De slotsom is dat alle vorderingen van de NV worden afgewezen.
5.22.
De NV zal, als de in het ongelijk gestelde partij, in de proceskosten worden veroordeeld. De proceskosten aan de zijde van [gedaagde] worden begroot op:
- griffierecht € 2.277
- salaris advocaat € 7.004 (2 punt × tarief VII à € 3.502 per punt)
- nakosten € 178met de in de beslissing genoemde eventuele verhoging)
totaal € 9.459.
5.23.
De over de proceskosten gevorderde rente zal worden toegewezen op de wijze zoals in de beslissing opgenomen. Verder zal de proceskostenveroordeling, zoals door [gedaagde] gevorderd, uitvoerbaar bij voorraad worden verklaard.

6.De beslissing

6.1.
wijst het gevorderde af;
6.2.
veroordeelt de NV in de proceskosten van [gedaagde] van € 9.459 te betalen binnen 14 dagen na aanschrijving daartoe.
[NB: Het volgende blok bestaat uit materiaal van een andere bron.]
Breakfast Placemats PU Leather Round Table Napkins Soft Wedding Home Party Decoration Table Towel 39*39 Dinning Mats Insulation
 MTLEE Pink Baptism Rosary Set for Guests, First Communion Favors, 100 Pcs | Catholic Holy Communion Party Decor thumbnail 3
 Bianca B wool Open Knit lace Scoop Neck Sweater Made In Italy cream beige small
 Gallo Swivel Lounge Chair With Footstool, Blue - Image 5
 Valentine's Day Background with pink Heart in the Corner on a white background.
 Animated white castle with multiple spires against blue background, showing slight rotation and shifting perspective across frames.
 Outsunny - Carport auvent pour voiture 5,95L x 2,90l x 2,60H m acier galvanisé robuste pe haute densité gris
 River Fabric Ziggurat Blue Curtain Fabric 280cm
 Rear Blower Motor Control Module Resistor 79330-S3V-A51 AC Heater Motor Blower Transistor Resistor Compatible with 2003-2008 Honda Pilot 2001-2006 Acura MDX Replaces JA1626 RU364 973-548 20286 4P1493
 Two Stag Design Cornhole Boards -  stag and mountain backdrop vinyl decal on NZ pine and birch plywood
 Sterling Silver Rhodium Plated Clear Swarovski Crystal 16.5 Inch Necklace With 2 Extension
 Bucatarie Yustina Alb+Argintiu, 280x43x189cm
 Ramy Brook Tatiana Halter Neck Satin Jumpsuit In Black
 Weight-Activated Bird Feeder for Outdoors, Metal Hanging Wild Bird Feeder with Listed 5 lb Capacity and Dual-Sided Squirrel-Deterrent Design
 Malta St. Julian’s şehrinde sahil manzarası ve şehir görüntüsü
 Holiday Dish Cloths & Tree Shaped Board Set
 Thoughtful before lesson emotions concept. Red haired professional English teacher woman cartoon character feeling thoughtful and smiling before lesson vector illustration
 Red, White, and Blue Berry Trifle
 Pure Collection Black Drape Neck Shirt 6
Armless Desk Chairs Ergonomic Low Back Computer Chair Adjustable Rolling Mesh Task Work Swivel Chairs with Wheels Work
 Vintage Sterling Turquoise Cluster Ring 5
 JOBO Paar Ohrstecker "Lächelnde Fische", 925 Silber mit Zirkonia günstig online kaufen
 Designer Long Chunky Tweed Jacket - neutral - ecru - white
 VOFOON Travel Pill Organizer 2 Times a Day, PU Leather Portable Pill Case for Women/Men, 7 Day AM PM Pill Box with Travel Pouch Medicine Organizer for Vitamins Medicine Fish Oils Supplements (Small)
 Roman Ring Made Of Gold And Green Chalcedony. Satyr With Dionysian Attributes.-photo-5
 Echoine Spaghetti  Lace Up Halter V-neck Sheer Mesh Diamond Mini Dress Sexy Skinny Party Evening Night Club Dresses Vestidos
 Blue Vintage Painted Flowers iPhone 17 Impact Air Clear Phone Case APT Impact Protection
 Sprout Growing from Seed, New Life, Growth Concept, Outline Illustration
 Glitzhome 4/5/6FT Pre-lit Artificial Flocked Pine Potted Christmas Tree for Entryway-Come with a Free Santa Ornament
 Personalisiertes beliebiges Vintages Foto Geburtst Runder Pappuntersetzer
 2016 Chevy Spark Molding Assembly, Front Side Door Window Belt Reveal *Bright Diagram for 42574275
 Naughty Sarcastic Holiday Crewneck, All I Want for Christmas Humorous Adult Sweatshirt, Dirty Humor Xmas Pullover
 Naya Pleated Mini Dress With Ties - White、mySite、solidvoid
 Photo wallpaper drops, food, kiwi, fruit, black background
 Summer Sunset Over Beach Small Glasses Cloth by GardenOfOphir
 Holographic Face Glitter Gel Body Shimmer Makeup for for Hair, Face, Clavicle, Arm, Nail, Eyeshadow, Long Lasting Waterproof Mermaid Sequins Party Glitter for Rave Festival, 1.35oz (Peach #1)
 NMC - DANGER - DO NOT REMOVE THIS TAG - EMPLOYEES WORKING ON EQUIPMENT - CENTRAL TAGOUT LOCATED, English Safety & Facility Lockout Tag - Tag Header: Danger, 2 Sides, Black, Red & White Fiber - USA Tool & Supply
Als de NV niet tijdig aan de veroordelingen voldoet en het vonnis daarna wordt betekend, dan moet NV € 92 extra aan nakosten betalen, plus de kosten van betekening, te vermeerderen met de wettelijke rente over deze bedragen vanaf 14 dagen na betekening van dit vonnis tot de dag waarop de proceskosten volledig zijn betaald;
6.3.
verklaart deze proceskostenveroordeling uitvoerbaar bij voorraad.
Dit vonnis is gewezen door (dhr.) mr. S.M. de Bruijn en in het openbaar uitgesproken op 16 oktober 2024.